This article has been written by Yash Mittal, who is pursuing LLB-1 year from Mewar Law University. Picture credits to NBC news

Immediately after the imposition of lockdown by our honourable Prime Minister on 24 March 2020, considering the outbreak of world pandemic that is COVID-19. Only the essential services were given access, all the school, colleges, universities, offices were ordered to be shut.

The main objective of the lockdown is ‘Stay home, Stay safe’. But is it possible to stay safe at home trapped with their abusers. Women were put in vulnerable situations where they don’t have any other option left but to stay with their abusers and nowhere to go.

 The Protection of Women from Domestic Violence Act 2005 is an Act of the Parliament of India enacted to protect women from domestic violence. This is the first definition of domestic violence in Indian law. It covers the broader aspects of domestic violence not just only physical violence, but also other forms of violence such as emotional, verbal, sexual, and economic abuse.

 United Nations defines domestic violence as domestic violence” or “intimate partner violence”, can be defined as a pattern of behavior in any relationship that is used to gain or maintain power and control over an intimate partner.

After the imposition of lockdown, there is a huge surge in cases of domestic violence. Women face physical and mental abuse.

From the beginning the situation of women in India is vulnerable, they were ill-treated at their on house which considered being the safest place.

The patriarchal structure of Indian society further adds to the problems of women

World wide increase in domestic violence is described by the United nation as a ‘shadow pandemic’.


According to India’s national family health survey from 2015-2016, around 33% of women have experienced spousal violence – physical, sexual, or emotional. Only 14% of women were able to seek help.

Rekha Sharma, The Chairperson of the National Commission for Women said that they were receiving more complaints in the lockdown.

Domestic violence has increased in their states and the national commission of women  (NCW) was working on the complaints 24/7.

NCW helpline – Whatsapp number has also been introduced for women to report to cases of domestic violence.

WhatsApp number for domestic violence is 7217735372.

Impact on Health

The impact of violence on health is also very much significant on women’s and as well as on their children’s also. Violence can result in severe injuries and serious physical, mental, and sexual health problems.

Sexual violence has been also increased during the lockdown. The sale of condoms, sex toys which indicate the violation of sexual rights of women which results in unplanned pregnancies, can transmit infections, HIV.

 Disconnection from social support systems is one of the reasons for an increased risk of domestic abuse during the period of lockdown. As a result, there are very few ways to find safety or help for victims of domestic violence.

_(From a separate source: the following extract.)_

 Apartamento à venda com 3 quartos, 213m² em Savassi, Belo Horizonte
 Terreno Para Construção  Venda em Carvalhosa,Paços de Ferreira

Violence due to Economic Instability

The study of Daniel Schneider at UC Berkeley shows that unemployment among men led to abusive behavior. His studies also show that men felt increasingly frustrated due to the loss of their jobs and financial security and this results in violence towards women.

Loss of income for males also leads to lesser control over their household which makes them even more frustrated.

Consumption of liquor by men and violence towards women is interlinked. It was found that half of the physical abuse and sexual abuse was done by men who consume liquor or alcohol.

 Women who were earning for their households and now we’re not able to fulfill the requirements whenever their husband demands money for liquor consumption which also results in domestic violence.

Women were the only workers whose work was doubled during the lockdown because now all the family members were at home for 24/7.

It’s always a fight of a feminist to get women’s work recognized in the economy as well. Most of the women have been engaged in the informal sector which doesn’t get counted under GDP.

Women work 24 hours at home, which is never paid nor appreciated and acknowledged. Most of the time women were not allowed to leave an abusive spouse and sometimes women themselves don’t want to leave because of the stigma attached to the patriarchal Indian society that getting a divorce is against the traditions and no men could marry her again.


The life of women isn’t safe at home nor outside. Even after the strict laws; poor implementation of them has always made the crime rates increased. But the change comes from within and the victims should start raising their voices and we as a society had to help the victims.

Education is the key that helps them to know their rights and which also makes them self-dependent.

The campaign like Bell Bajao (Hindi for ‘ring the bell’) is an anti-domestic violence campaign that urges local residents to take a stand against physical abuse through simple acts meant to interrupt domestic violence. When residents, especially men, overhear violence against a woman taking place, they are urged to ring the doorbell and ask a simple question – such as to borrow some tea, to use the phone, or to have a glass of water. This is meant to let the abuser know that others can hear them and will act to interrupt the violence.

If you think dealing with lockdown was very stressful then just imagine how many women were suffering from domestic violence which adds to their problems.


1) Police helpline: 1091/1291

2) National Commission for women’s WhatsApp helpline: 7217735372

3) Helpline for shakti Shalini based NGO: 10920

4) Crisis for Sneha, a Mumbai based NGO: 9833052684,9167535765.